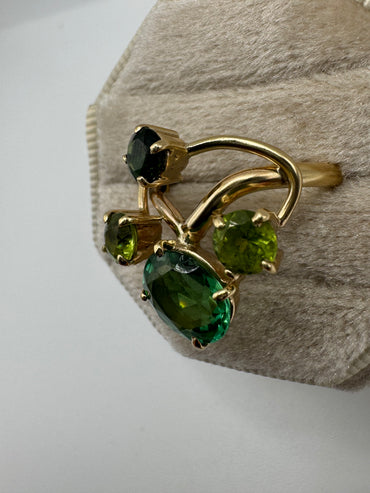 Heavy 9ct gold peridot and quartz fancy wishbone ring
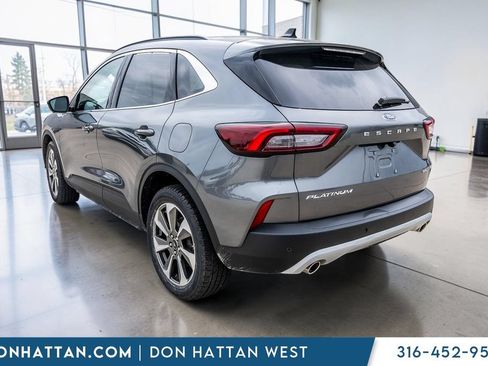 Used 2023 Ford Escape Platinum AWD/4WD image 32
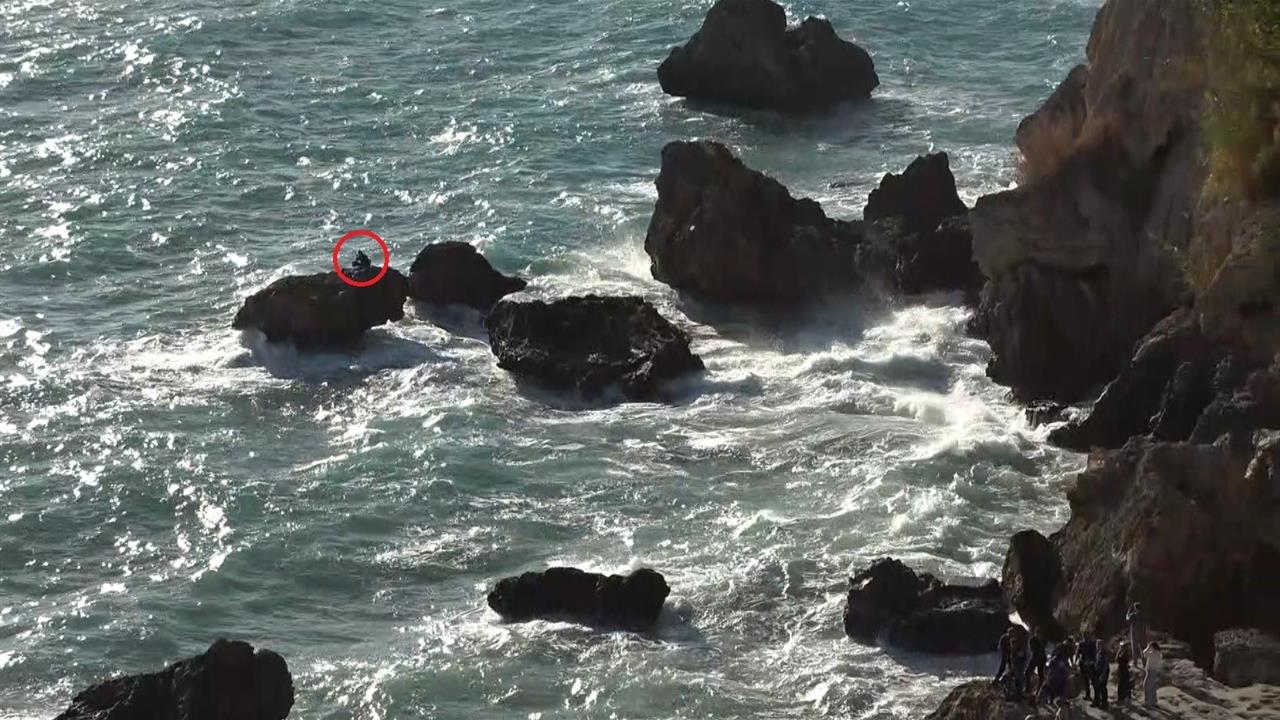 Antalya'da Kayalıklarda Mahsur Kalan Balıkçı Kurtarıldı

==

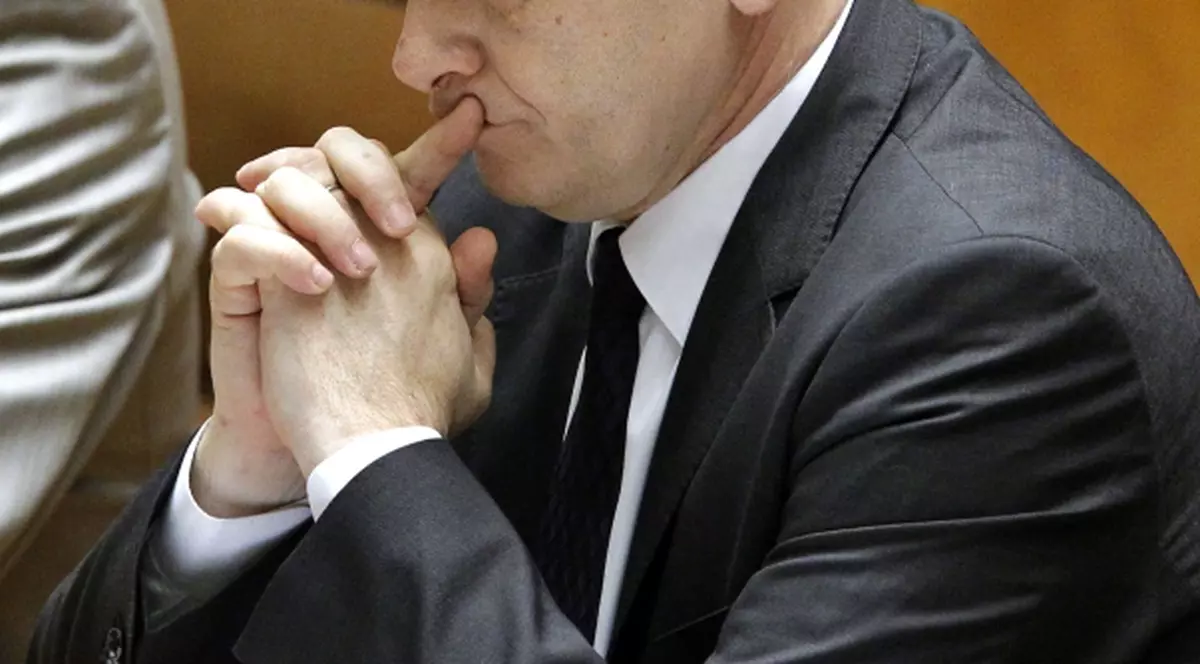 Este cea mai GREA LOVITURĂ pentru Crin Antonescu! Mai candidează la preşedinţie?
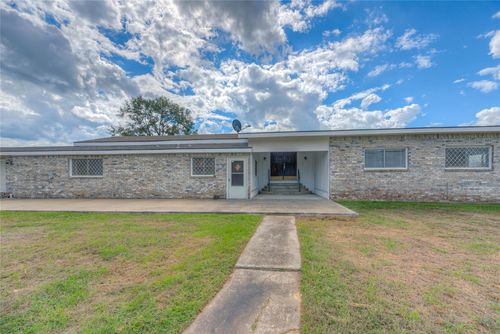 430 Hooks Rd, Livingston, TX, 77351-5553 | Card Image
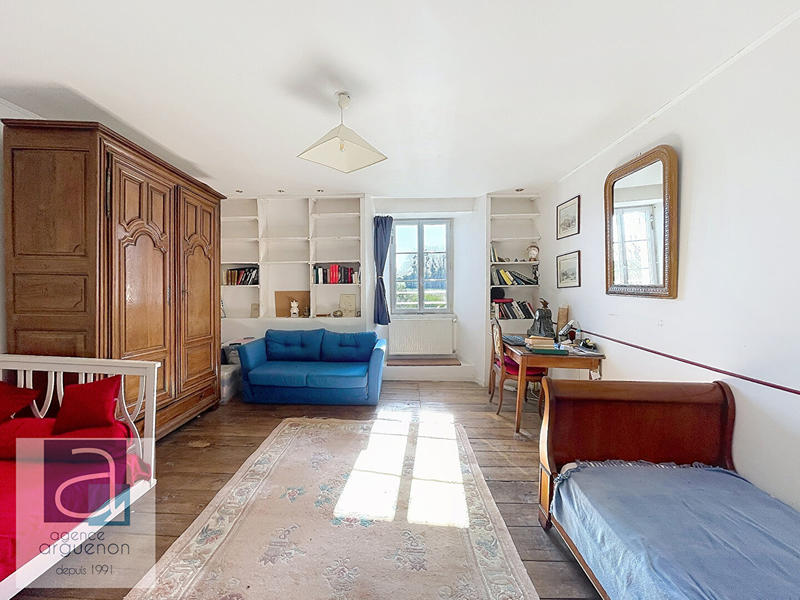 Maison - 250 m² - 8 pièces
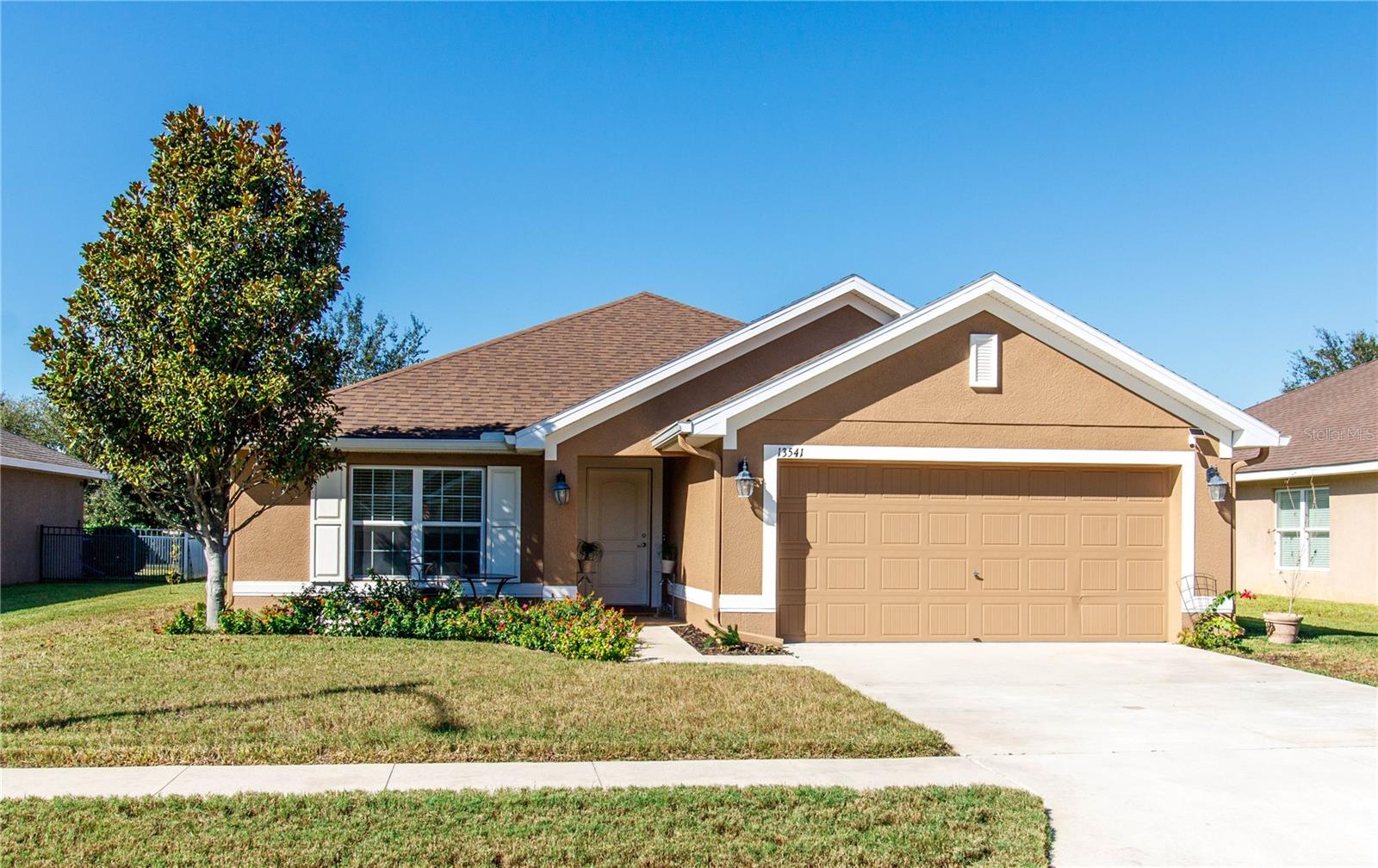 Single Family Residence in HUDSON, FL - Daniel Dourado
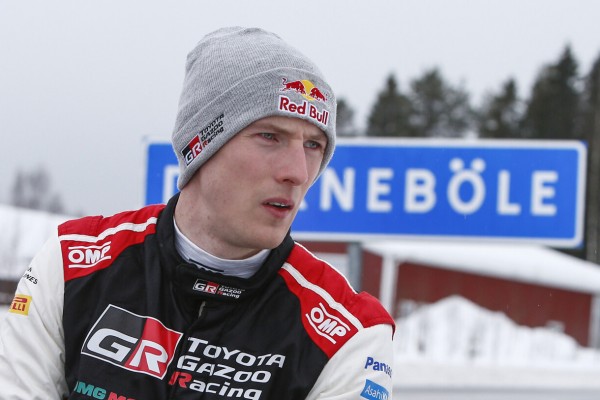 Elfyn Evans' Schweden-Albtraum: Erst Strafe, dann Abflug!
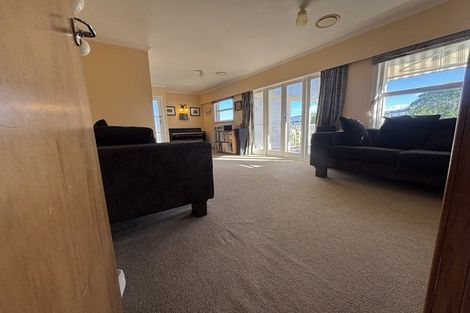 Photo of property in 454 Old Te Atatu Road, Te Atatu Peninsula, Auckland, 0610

* * *

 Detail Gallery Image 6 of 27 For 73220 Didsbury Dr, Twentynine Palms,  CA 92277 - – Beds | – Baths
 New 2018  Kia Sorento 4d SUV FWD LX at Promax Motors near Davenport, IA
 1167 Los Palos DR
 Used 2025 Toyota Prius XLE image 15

> Task to complete:
Output exactly the lines above, from the line with "Used 2023 Ford" to the line with "Antalya'da Kayalıklarda Mahsur", both included; skip the pictures.

> Output below:
 Used 2023 Ford Escape Platinum AWD/4WD image 32
 Antalya'da Kayalıklarda Mahsur Kalan Balıkçı Kurtarıldı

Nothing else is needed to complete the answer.